The Korean word ‘guk’ (or ‘gook’) means ‘country’, and it has been speculated that this was the origin of the titular slur of Justin Chon’s second feature.
Early in the film, the eleven-year old Kamilla asks Eli, played by the writer/director, what America is called in Korean. Eli replies wryly, acutely aware of the slur spray-painted on his car. “That’s my favorite one. Miguk.” It rolls off his tongue as Me Gook.
Shot entirely in black-and-white, Gook opens just before the start of the Rodney King riots that paralysed Los Angeles in 1992. The monochromatic aesthetic lends his film a distant, almost sterile feel even as it explodes with anger and violence. Gunshots ring out on the streets when police officers leave citizens to fend for themselves, and bodies are constantly kicked and beaten to the sound of abuse. Drama is heightened to operatic extremes. But the desaturated landscape allows the period piece to feel like it could have taken place anywhere and anytime within the past few decades. It is odd to refer to Gook as a historical film, especially since it looks and feels so contemporary.
Two Korean-American brothers, Eli and Daniel (David So), run a women’s shoe store in an economically-depressed, largely minority neighbourhood of LA as anger at the trial builds up. Kamilla (Simone Baker) wanders in and offers herself as help. Despite Eli’s reluctance, the more easy-going Daniel with his aspirations of being an R&B singer is enthusiastic. Kamilla’s spunk eventually wins Eli over as they sit back and watch smoke blossoming over the city’s skyline, allowing him to briefly forget about his feud with the gun-happy convenience store owner Mr. Kim (played by Chon’s real life father Sang Chon) and the illegally-obtained shoes keeping their store afloat. As the riots spread and the day draws to an end, a series of increasingly violent events lead to confrontations with tragic consequences.
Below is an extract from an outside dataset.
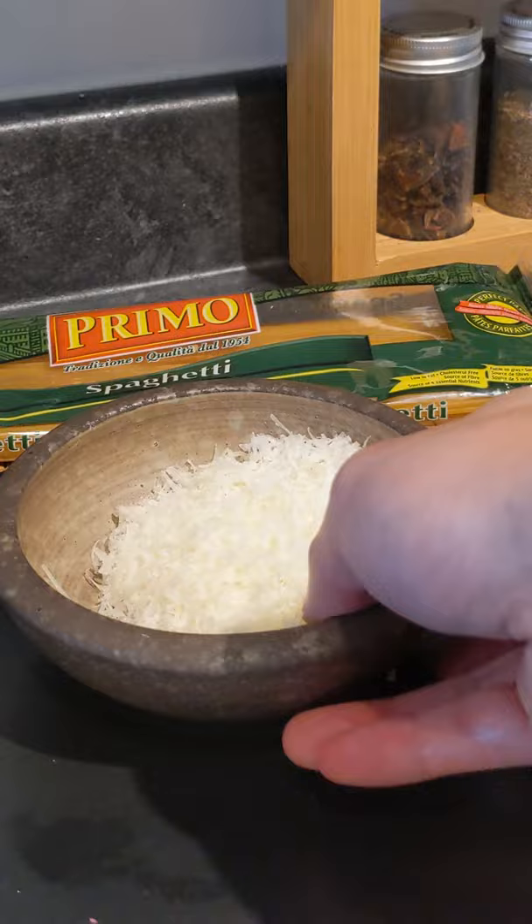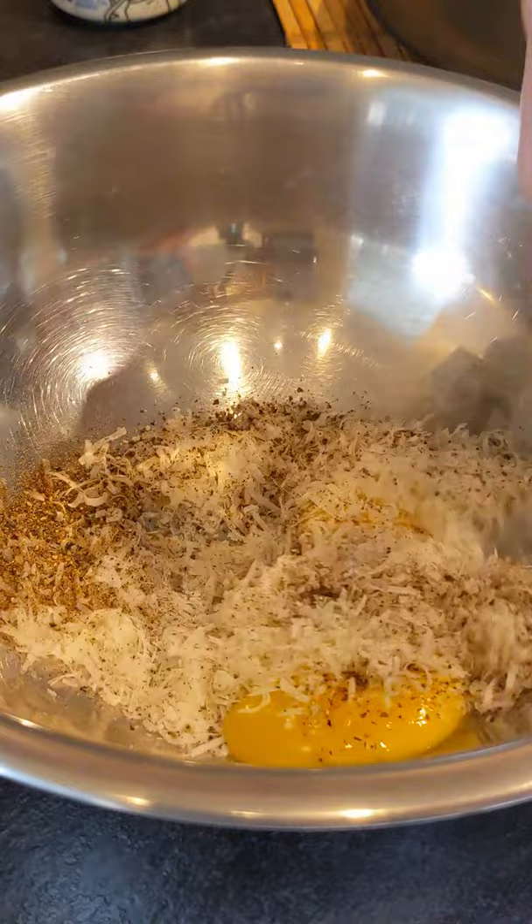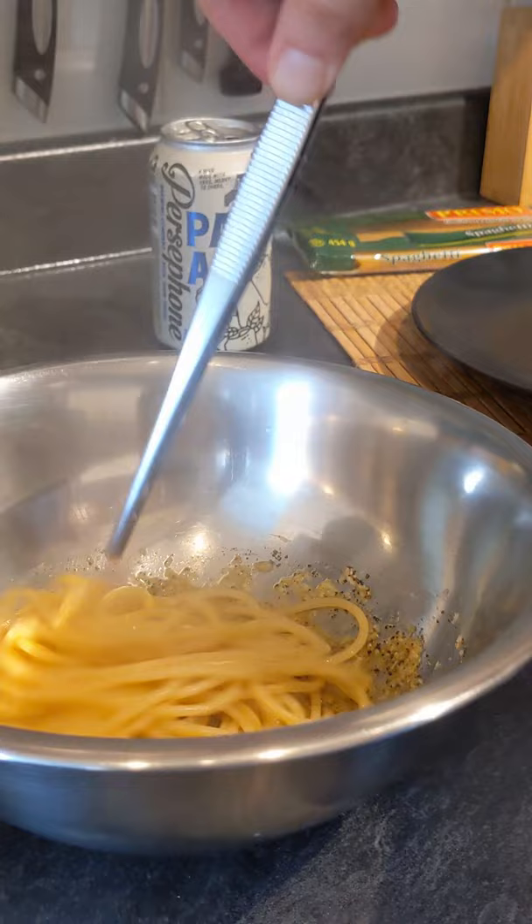We'll add some grated Parmesan cheese and sift in the black pepper just to remove the husks. We'll mix it together into a thick paste and drain our pasta directly into our sauce. Then we'll add a little bit of pasta water and mix it until the sauce emulsifies.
Although Chon’s script turns melodramatic and contrived in the second half, it has enough steam to carry its own weight. Baker’s Kamilla is delightful with her street smarts and her thuggish brother Keith (Curtiss Cook Jr) gains some sympathy despite his enthusiasm for violence and guns. Chon’s focus on the Korean-American side of the story leaves him with pencil-thin characterizations of LA’s black community and their situation, thus leaving the film feeling incomplete. Despite this, Gook’s fury drives it forward despite the hiccups. It is raw and bristles with energy concluding with very real pain.
Chon has crafted a neo-noir friendship drama at the boundaries of our past and present societies. While it may not have all the answers that we need right now, it certainly asks the right questions.